On Thu, Oct 03, 2002 at 03:13:28PM +0200, Roy Sigurd Karlsbakk wrote:
> > > I have used presistent superblocks, but md0,1,2,3 will be differently
> > > ordered if I change the disk order... At least I think so. It surely
> > > didn't work.
> >
> > No. md0 would stay md0.  This is another effect of using superblocks,
> > and in fact this is also (ironically) more or less the only argument
> > *against* using them   :)
> >
> > (Imagine inserting a disk which knows that it is disk 0 of md0 into some
> > machine that already has a perfectly fine md0 running)
> 
> ok. so. theoretically - as long as the system finds all 16 drives, I should be 
> able to shuffle them around and attach them to whichever controller there is? 
> right?

It will not reattach your disks (you need to move cables to do that),
but it will know "First disk of md0" from "Second disk of md0"
regardless of whether those disks are /dev/hda or /dev/sdg.

You can shuffle your disks around as much as you please.  When the RAID
code looks at your disks, it will read their superblocks and correctly
make the first disk of md0 the first disk of md0, and so forth,
regardless of the actual device name of the disk.

> 
> ok.
> 
> now, I've replaced the faulty controller, and booting up. the new controller 
> is also (like the old one) a CMD649...
> 

RAID doesn't care about controllers.

RAID without persistent superblocks cares about disk device names.

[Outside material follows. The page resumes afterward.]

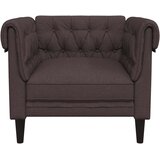  Fotelja Chesterfield tamnosmeđa od tkanine | shoptok.hr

RAID with persistent superblocks don't care about disk device names.

> hæ?

Øh?

> 
> it works. but it surely didn't work last time...
> 

Good for you  :)

> thanks
> 
> > > But ... with persistent superblock - is it possible to fsckup the raid?
> >
> > You're root, it is indeed possible  :)
> 
> er - yes. I more meant like 'automagically'

It will only automagically screw up your arrays if you shuffle disks
between machines (mix several RAID arrays from other systems in one
system)  (you can of course move all your disks to one new machine, if
it has none of it's original RAIDed disks left).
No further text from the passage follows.